● **What you will do**
Give the records again exactly, but drop the pictures.

[Entries taken from a collection]
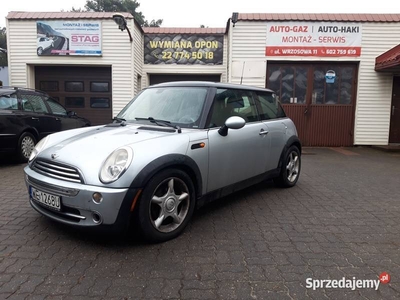 Mini Cooper 1,6 116km Automat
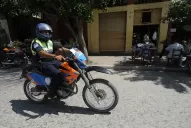 Detuvieron a un policía por agredir a su madre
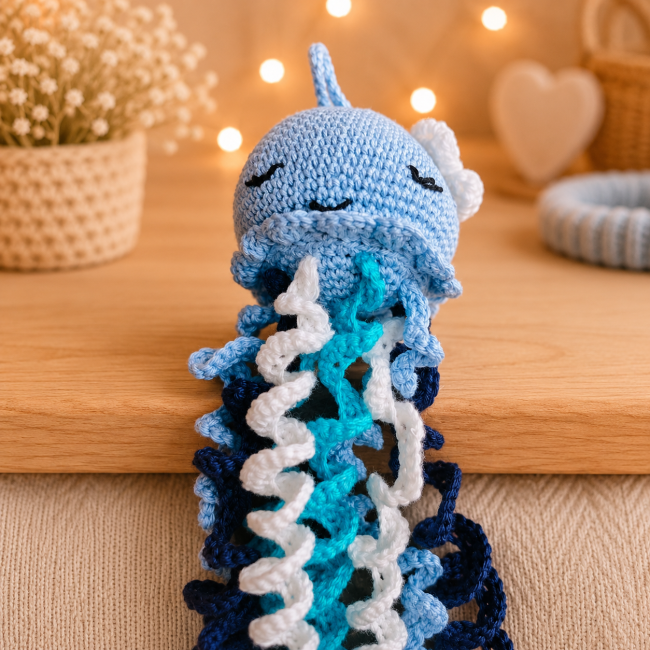 Pieuvre crochet bleu ciel et blanc avec tentacules bouclées en décoration douce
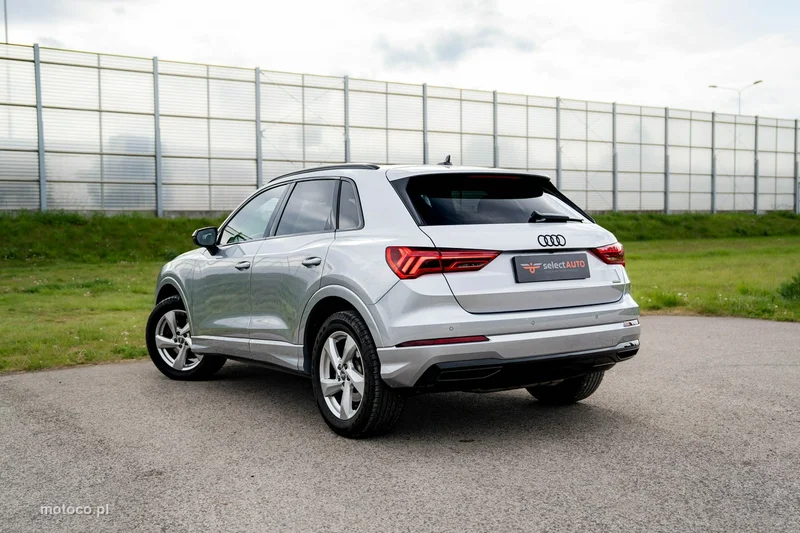 Audi Q3 F3 4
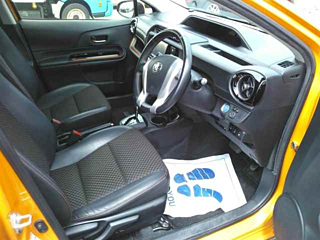 TOYOTA AQUA 2015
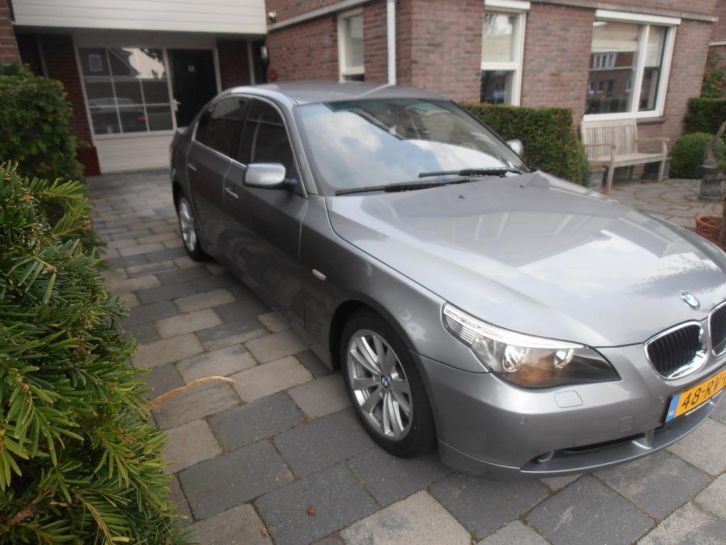 BMW 5-Serie 2.2 I 520 AUT 2006 Grijs Executive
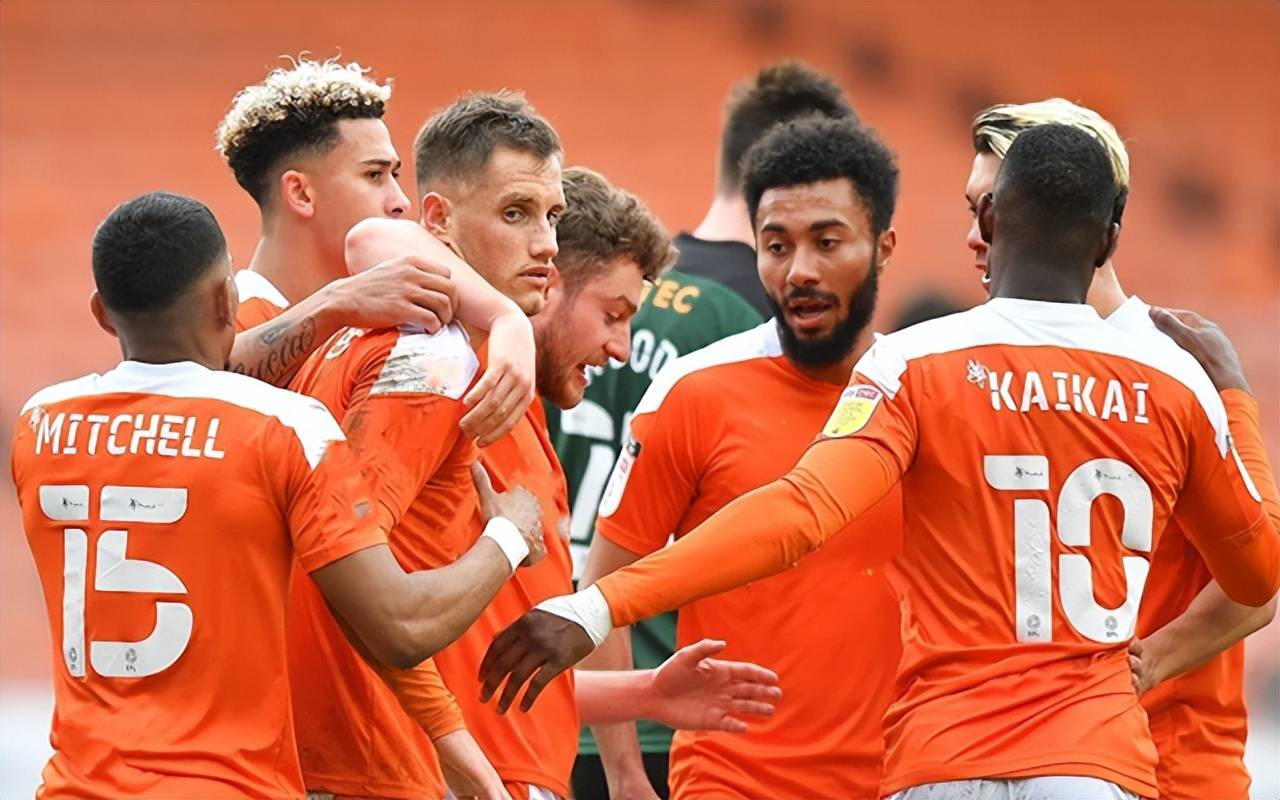 雷丁主场全取三分,球队继续保持好状态的简单介绍 雷丁主场全取三分,球队继续保持好状态的简单介绍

● **Answer space**
 Mini Cooper 1,6 116km Automat
 Detuvieron a un policía por agredir a su madre
 Pieuvre crochet bleu ciel et blanc avec tentacules bouclées en décoration douce
 Audi Q3 F3 4
 TOYOTA AQUA 2015
 BMW 5-Serie 2.2 I 520 AUT 2006 Grijs Executive
 雷丁主场全取三分,球队继续保持好状态的简单介绍 雷丁主场全取三分,球队继续保持好状态的简单介绍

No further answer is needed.